I don’t think any of this would have been nearly as enjoyable were it not for the people I worked with. PhDs can be lonely – I knew this before I started and anyone who has done one will likely tell you the same. Apart from my excellent team of supervisors (and my dog, who absolutely does not care about British Antarctic history) I’m a one-person team most of the time. Starting at DCMS was therefore initially a bit of a shock. I went from quietly beetling away at my own research and maybe talking to someone about it once a month, to the constant ping of google chat as the team discussed work, baked goods, and what’s been on TV recently.

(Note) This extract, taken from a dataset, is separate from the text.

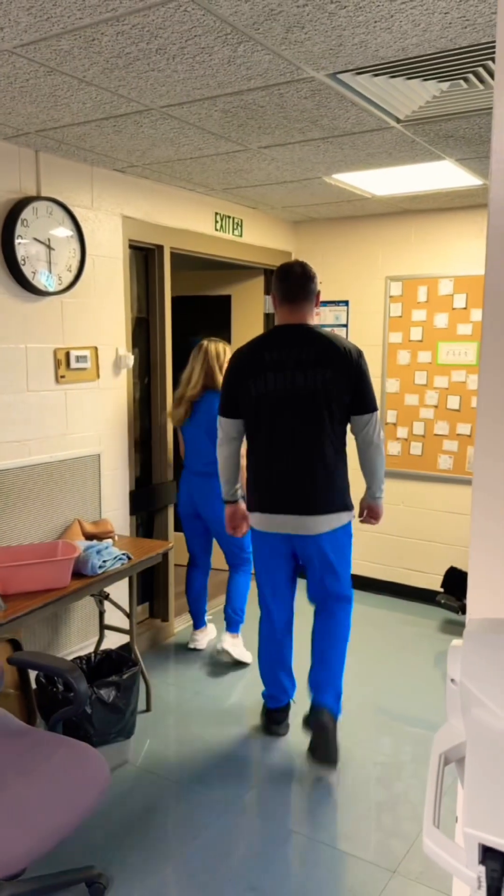All right, thank you. We're done with your exam. I'll walk you back out to the waiting room. Thank you. Have a good day.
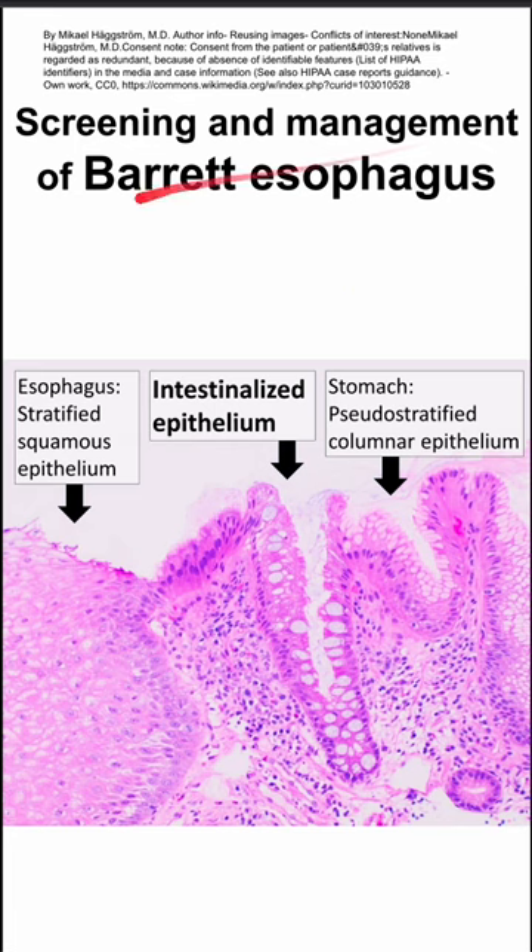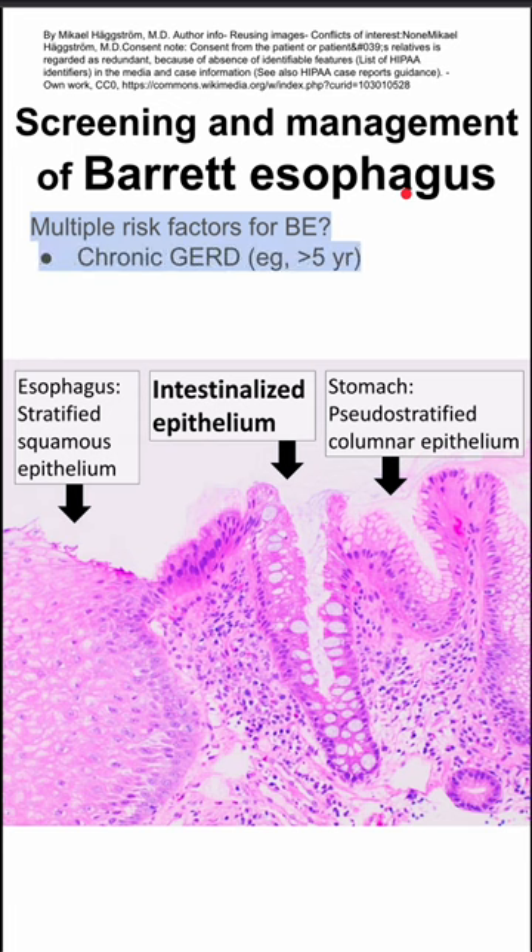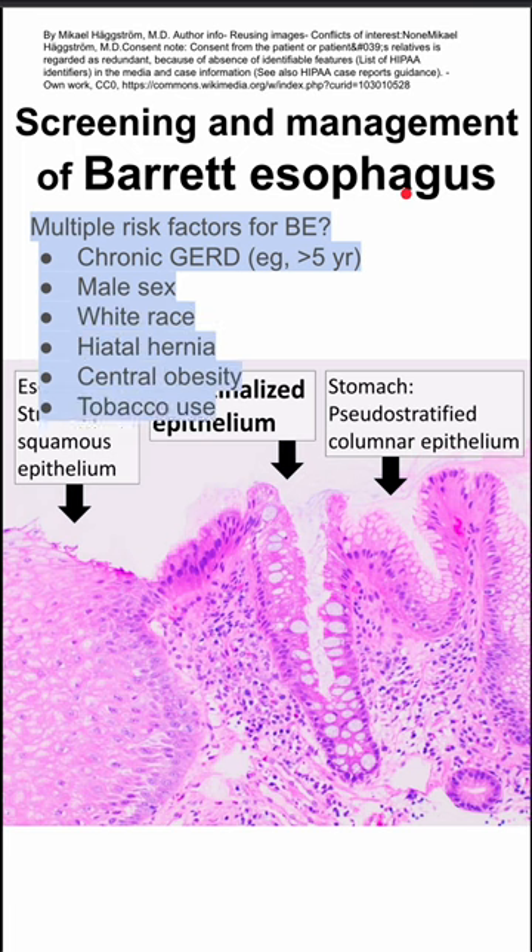This is the screening and management of Barrett esophagus. If a patient has multiple risk factors for Barrett esophagus, that includes the following: chronic GERD — for example, more than five years of GERD — male sex, white race, and hiatal hernia.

Image of a chewed piece of paper. Unapologetic dog pictured in background.

XXXAt the start it was overwhelming. As I eased into life in the tackling loneliness team however, I came to deeply appreciate the way they’d adapted to online working. In the academic world when I send an email I’m often pleased if it comes back within a month. In DCMS I could ping someone a message and they’d apologise for the delayed response if it took them more than an hour. We had daily meetings, could work on documents simultaneously, and people were always reachable through instant messages. Because everyone was used to working to such well-established processes, no one minded being contacted for urgent input on a briefing, meetings ran exactly to time, and I had such regular contact with my own team that I didn’t have a chance to feel disconnected.

Not only that, but the people I was working with were some of the kindest, most supportive people I’ve ever met. They offered me endless opportunities to take responsibility and grow my confidence. Academia can be rife with imposter syndrome, and this internship was a much-needed boost to my self-esteem.  It would have been easy to be left alone, working remotely, tackling the kind of small admin tasks that every intern dreads, but instead I was made to feel a valued part of a busy team of very competent and passionate people.

I’m extremely grateful for the opportunity offered to me by the UKRI internship scheme and the Tackling Loneliness team. I’d encourage anyone who is eligible for a UKRI internship to consider applying.  

Alice Oates (2019) is a second-year PhD student at the Scott Polar Research Institute. Her research looks at the historical geographies of Halley research station, exploring the people and research that have made it such an important part of Britain’s Antarctic story and the international science landscape. Her PhD is funded by an AHRC Collaborative Doctoral Studentship in partnership with the Royal Geographical Society (with IBG) and Royal Society.